Being totally uninterested in football, it’s not like me to wait on tenterhooks for a match result – but that’s what happened last night, and now I’m absolutely delighted that Leicester City have just become champions of the Premier League.
Five years ago, news that the football team of an obscure Midlands city had beaten the likes of Manchester United might have rated a few column inches outside the UK as a heart-warming ‘triumph of the underdog’ story. But today it’s splashed all over the international media, including the New York Times, and why? The answer is, rather bizarrely, ‘King Richard III.’ In the first place it’s because, thanks to the discovery and re-burial of his remains in the city centre, people all over the world know about Leicester and continue to be interested in what’s happening there; and in the second place because of the almost spooky about-face in the Foxes’ fortunes since they began playing under the ‘King Power’ banner (while, ironically, York City’s Minstermen languish at the bottom of the second league).
Divine proof that Richard III is a Leicester supporter? I wouldn’t go that far – Richard may well have shared his elder brother Edward’s conviction that football was a frivolous pastime which distracted young men from the far more important pursuit of practicing with the longbow. However, I can’t help thinking there is something in it – like morale. From being the footballing face of somewhere few people outside Britain or the international Ricardian community had ever heard of, the team was catapulted into the spotlight as representatives of a city made world-famous as the last resting place of England’s last warrior king – and by God, they’ve lived up to it. Positive psychology plays a big part in winning at sport, so perhaps naming their stadium ‘King Power’ and emblazoning the words, with a crown, on their shirts was inspired: a very visible way of dinning that sense of power and pride into the players, and supporters, every time they set foot on the field.

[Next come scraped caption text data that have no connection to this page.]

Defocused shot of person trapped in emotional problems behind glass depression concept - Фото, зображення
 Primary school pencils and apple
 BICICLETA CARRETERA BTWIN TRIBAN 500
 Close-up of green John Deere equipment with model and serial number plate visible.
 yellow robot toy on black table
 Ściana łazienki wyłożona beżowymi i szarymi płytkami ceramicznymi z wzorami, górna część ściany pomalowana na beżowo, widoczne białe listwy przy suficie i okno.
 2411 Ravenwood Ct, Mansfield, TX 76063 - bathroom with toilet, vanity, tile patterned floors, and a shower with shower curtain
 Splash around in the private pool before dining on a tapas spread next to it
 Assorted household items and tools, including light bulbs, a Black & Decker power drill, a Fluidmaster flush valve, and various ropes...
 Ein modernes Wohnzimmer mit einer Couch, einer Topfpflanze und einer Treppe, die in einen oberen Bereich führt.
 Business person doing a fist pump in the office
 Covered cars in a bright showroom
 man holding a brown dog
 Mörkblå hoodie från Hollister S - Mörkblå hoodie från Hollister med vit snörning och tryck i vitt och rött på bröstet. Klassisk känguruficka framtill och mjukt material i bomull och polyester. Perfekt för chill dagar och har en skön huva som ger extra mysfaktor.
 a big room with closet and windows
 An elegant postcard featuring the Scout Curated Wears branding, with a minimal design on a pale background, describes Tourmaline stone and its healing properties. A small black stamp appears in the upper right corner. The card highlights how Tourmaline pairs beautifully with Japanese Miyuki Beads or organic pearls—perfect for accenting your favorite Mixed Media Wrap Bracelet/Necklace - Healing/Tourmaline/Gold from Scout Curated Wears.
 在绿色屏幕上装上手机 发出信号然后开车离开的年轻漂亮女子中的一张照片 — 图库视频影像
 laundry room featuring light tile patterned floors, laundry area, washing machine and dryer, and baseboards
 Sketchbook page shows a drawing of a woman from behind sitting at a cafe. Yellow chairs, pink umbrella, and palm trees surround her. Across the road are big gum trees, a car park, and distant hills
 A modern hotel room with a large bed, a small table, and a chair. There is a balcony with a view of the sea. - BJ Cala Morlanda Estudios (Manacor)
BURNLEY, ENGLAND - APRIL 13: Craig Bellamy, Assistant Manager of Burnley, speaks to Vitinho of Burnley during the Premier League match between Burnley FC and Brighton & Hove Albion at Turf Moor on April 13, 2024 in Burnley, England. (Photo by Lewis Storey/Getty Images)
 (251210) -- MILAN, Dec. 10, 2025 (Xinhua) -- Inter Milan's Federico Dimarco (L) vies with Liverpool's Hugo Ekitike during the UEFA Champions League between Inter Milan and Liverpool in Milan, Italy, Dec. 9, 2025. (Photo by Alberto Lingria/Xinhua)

Of course, not everyone’s pleased; the usual suspects on social media are clucking and carping about exploitation and the horrible disrespect of hanging a Leicester City scarf round the neck of Richard’s statue beside the Cathedral. I find this sad, because it strikes me as quite the opposite: an affectionate, humorous gesture showing Richard being owned and embraced by the citizens, remembered, included and identified with their victory (and I think he looks cute in the scarf) – just as people everywhere are reminded of him every time they see an image of the King Power Stadium or the Foxes wearing those shirts. To me, it’s wonderfully positive publicity for British sport and British medieval history, a welcome antidote to all the sadness and horror of the regular news. What’s not to like? Yes, long may Leicester City’s King Power last – go, Foxes!